В XIV–XV вв. из Новгорода были совершены и первые походы в Сибирь. В 1363–1364 гг. новгородский воевода Александр Абакумович с немалым войском продвинулся до реки Оби и «воеваша по Оби реки и до моря». Под «морем» летописец, очевидно, разумел Обскую губу. В 1499–1500 гг. туда же прибыло большое московское войско во главе с князем Семеном Курбским. Воинами князя были крестьяне Поморья — холмогорцы, кеврольцы, мезенцы. В устье реки Печоры построили они новый город «на месте пустом для опочиву Московского государства торговых людей» — Пустозерск. «Щелью» [18] князь Курбский прошел через Уральские горы, побывал в Березове.
18
Щель, щелья — это высокий каменистый берег реки или моря. По всей вероятности, Семен Курбский перешел Урал, держась речных каменистых долин.
И еще минуло сто лет. В Поморье произошли большие перемены. Если раньше на Юргу и далее в восточные владения новгородцы отправлялись на небольших долбленых лодках, называвшихся ушкуями, то в XVI в. они стали ходить по морю-океану на новых судах. В народных сказаниях, в житиях святых, в древних рукописных книгах рассказывалось о далеких походах «в море-окияне» на кочах и «кочневых лодьях».
Плавание поморов на лодьях по Белому морю. Миниатюра из Соловецкого патерика XVI в.

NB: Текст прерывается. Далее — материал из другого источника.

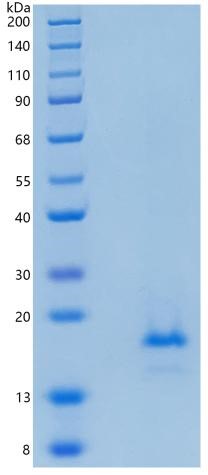 Active Recombinant Human IL-1F10 / IL-38 Protein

Народная молва приписывает начало этого нового и важного дела крестьянам Соловецкого монастыря. В Онежском заливе, в устье реки Кемь, построили они плотбище и срубили небольшую лодьицу. А чтобы не разбилась о лед, нашили на ее борта «коцу», так по-новгородски называлась всякая ледовая защита, в том числе и ледовый пояс из крепкого дубового дерева. Лодьицу «с коцей» назвали кочневой. Разрослось судостроительное дело широко. При царе Иване Грозном лодейные плотбища были на Онеге, под Холмогорами, в Мезени и Пустозере. На Грумант и Новую Землю, по Белому и Баренцеву морям, а затем и в Сибирь промышленники плавали на этих новых морских судах, постепенно совершенствуя их. В конце концов в Поморье появился новый тип быстроходного судна, имевшего уже мало общего со старорусской лодьей, известной в Киевской Руси и в Великом Новгороде. Кроме ледовой защиты, «коцы», эти оригинальной конструкции корабли имели ледовые обводы, круглую, яйцеобразную форму. Иностранцы, которые сами видели кочи, называли их круглыми судами. При сжатии льдов коч, в отличие от западноевропейских судов, выжимало на поверхность. По длине коч не превышал 19 метров, а по ширине 5–6 метров. Он мог поднимать до 2000–2500 пудов. При хорошем ветре промышленники проходили на коче 200–250 верст в сутки. Первые ледовые корабли создавались руками лодейных и кочевых мастеров.